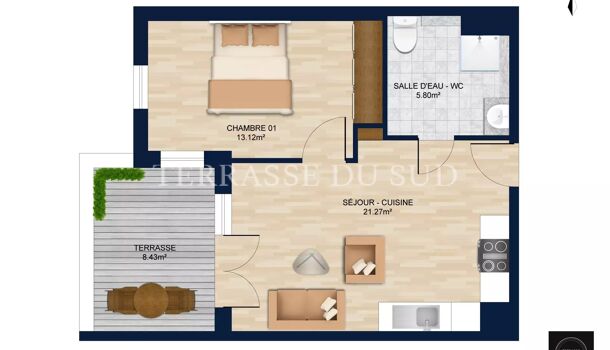 Appartement 2 pièces  à vendre Marseille 13eme 13013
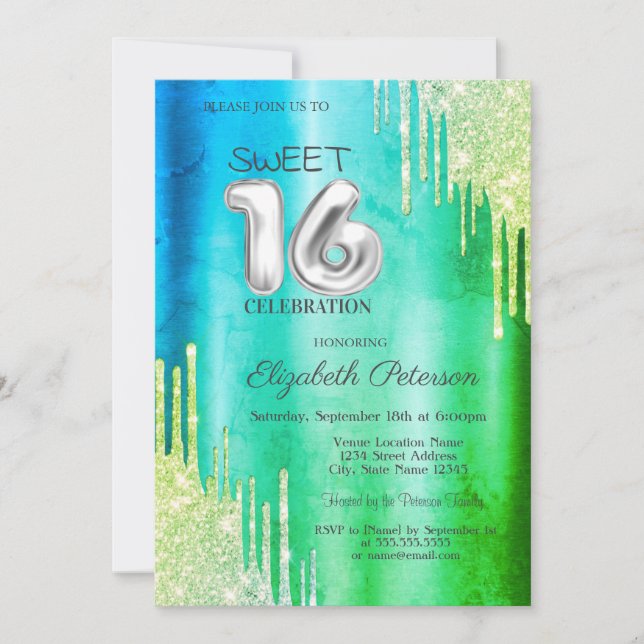 Eleganter Glitzer Tropfen Grüner Sweet 16 Einladung (Vorderseite)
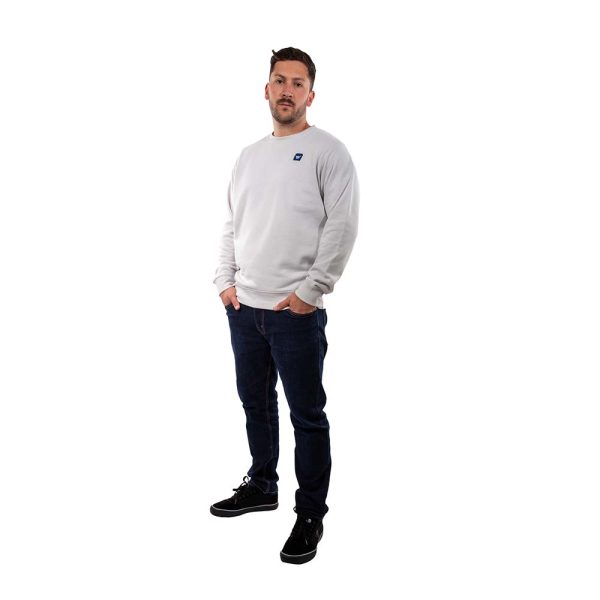 Poleron Hombre Crew Neck Minilogo Gris Claro Hang Loose - Imagen 6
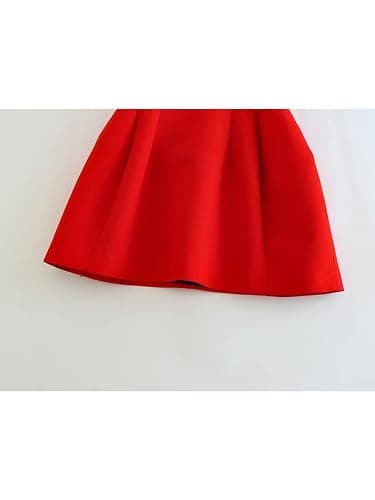 OFFSUM Damen Kleid Ärmelloses -Frauen O Hals Rot Sommerkleid Sexy Zurück Reißverschluss Mode Party Elegante Kurze Cocktailkleider Für Party Prom Abend Hochzeit Kleidung - XS - Rot thumbnail 4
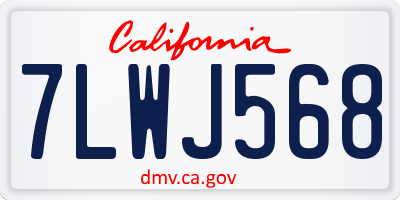CA license plate 7LWJ568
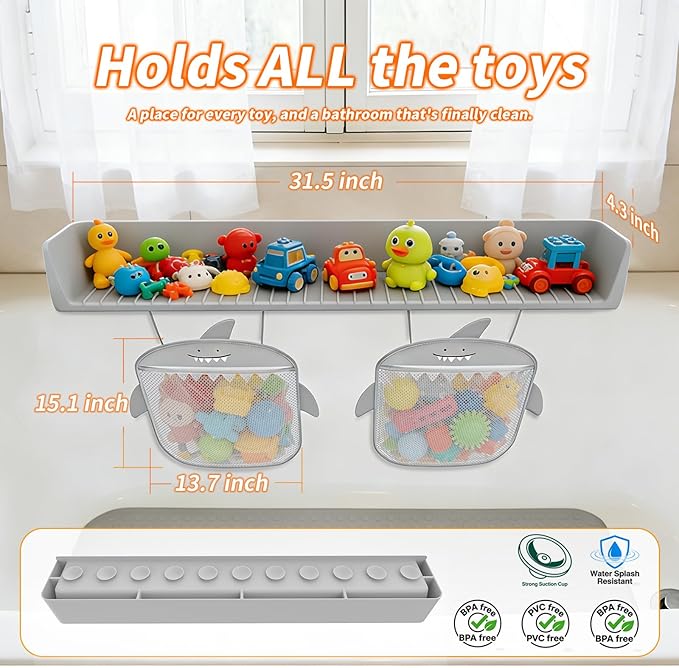 Extra-Long 31.5 Inch Bathtub Splash Guard for Kids,2 Storage Pockets Large Capacity Bath Toy Caddy Holder,Silicone Water Shield Prevent Bathroom Spills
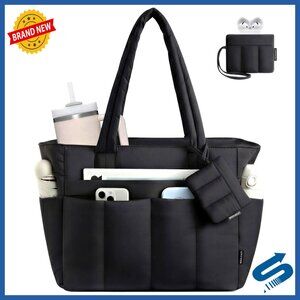 Quilted Puffer Tote Bag with Zipper 15.6 Inch Laptop Work Travel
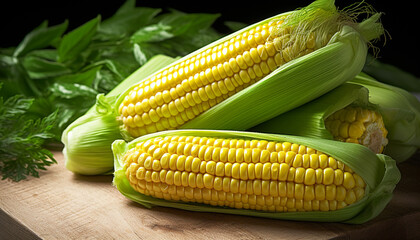 Fresh organic corn on the cob, a healthy meal generated by AI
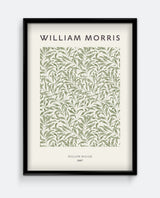 A framed art print featuring a willow bough pattern design by William Morris, with the artist's name and the year 1897 at the bottom.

▶ **EXERCISE REQUIREMENTS**
Without including any picture, copy the listing above exactly and in full.

▶ **SOLUTION TO THIS TASK**
 Appartement 2 pièces  à vendre Marseille 13eme 13013
 Eleganter Glitzer Tropfen Grüner Sweet 16 Einladung (Vorderseite)
 Poleron Hombre Crew Neck Minilogo Gris Claro Hang Loose - Imagen 6
 OFFSUM Damen Kleid Ärmelloses -Frauen O Hals Rot Sommerkleid Sexy Zurück Reißverschluss Mode Party Elegante Kurze Cocktailkleider Für Party Prom Abend Hochzeit Kleidung - XS - Rot thumbnail 4
CA license plate 7LWJ568
 Extra-Long 31.5 Inch Bathtub Splash Guard for Kids,2 Storage Pockets Large Capacity Bath Toy Caddy Holder,Silicone Water Shield Prevent Bathroom Spills
 Quilted Puffer Tote Bag with Zipper 15.6 Inch Laptop Work Travel
 Fresh organic corn on the cob, a healthy meal generated by AI
 A framed art print featuring a willow bough pattern design by William Morris, with the artist's name and the year 1897 at the bottom.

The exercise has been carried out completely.